I drove past the wreckage as I entered the parking lot that morning, gawking like everyone else as I squeezed past the emergency vehicles, not knowing Tim was in the middle of all that. I should have recognized the gold Firebird artwork on the hood, but it didn’t register at the time.
Tim’s theory had it that someone in a fake Tennessee Department of Transportation (TDOT) uniform and vehicle – we’ll call him T-Boner – had placed orange traffic cones in the right lane in front of our building to keep it clear. He then pulled his truck in behind those cones and waited. As Tim passed through the intersection, T-Boner punched the accelerator, plowed through the cones, and rammed Tim’s car.
The official story was that the TDOT man had a heart-attack and reflexively slammed the accelerator, but the conspiracy theory was more fun and, as it turned out, the truth.
~ ~ ~
I visited Griffin and Tim – on different floors of the same hospital – and the latter filled me in on the former’s leaking CT scanner. Before I could make it clear to Tim that I didn’t want to know anything – after what I’ve been through, I want plausible deniability on everything that ever happened to anyone anywhere – he dragged me into their little secret.
He considered himself a witness and said I was one now, too. Any decent lawyer would quash our testimony as hearsay, but Tim insisted that was not true in this case because Griffin had told him in person. In bed as he was, hooked to an IV drip with one leg elevated, I wasn’t going to argue with him.
On my way out, he said, “Give Darla a kiss for me.”
“You can do it yourself soon enough,” I tried to cheer him up, “when they let you out of here.”
~ ~ ~
Griffin’s wife and sister were in Griffin’s room as I made my rounds. The sister, Rachel, said they had grounds for a massive lawsuit. The wife – Dina, or something, I’ve already created a mental block – was on the phone the entire time, talking to lawyers, glaring at me like an uninvited guest.
I timed it right and caught Griffin while he was awake. Lying in bed, looking like hell – as people generally do when deathly ill – Griffin was pleasantly surprised to see me.
He gestured for me to come close. He could barely talk but felt the need to confide in me.
“I was hoping after all that radiation,” he said between gasps, “I would have superpowers. You know, like Spiderman?”

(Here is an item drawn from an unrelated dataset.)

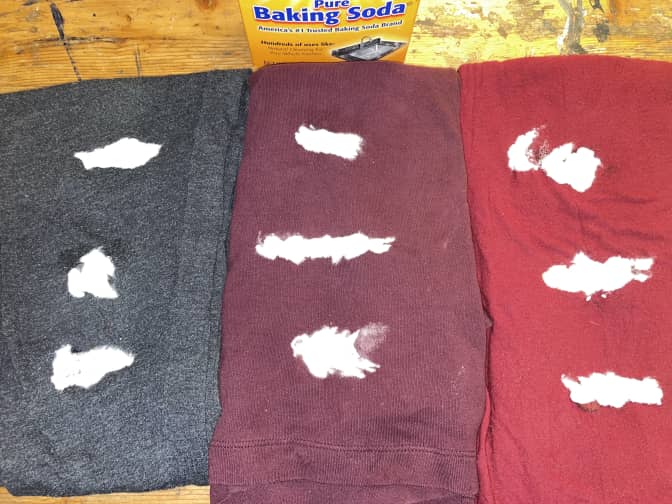 Three pieces of clothing with chapstick stains being treated with baking soda.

He then laughed so hard that his monitors began to shriek and nurses came rushing into the room.
“What did you do!?” the wife out-shrieked the alarms.
“Nothing,” I shrugged. “He told a joke, started laughing, and you saw the rest.”
She gave me an evil look, turned away and resumed her phone conversation.
Rachel had driven all the way from Colorado to be with her brother in his final moments. She said a line from one of his songs kept popping into her head: “Scatter my ashes where the road meets the sky.”
She hoped to quote several such lines when the time came. I agreed it was a great line, and said I wanted to participate, if possible.
The wife turned back and glared at me. I could feel her staring holes through me but never looked up to acknowledge it. Now, every time her image or voice creeps unwanted into my thoughts, I imagine her surrounded by flying monkeys, and finishing every sentence with “and your little dog, too!”
Rachel and I exchanged numbers. I said it was a pleasure to meet her. His wife and I pretended each other didn’t exist.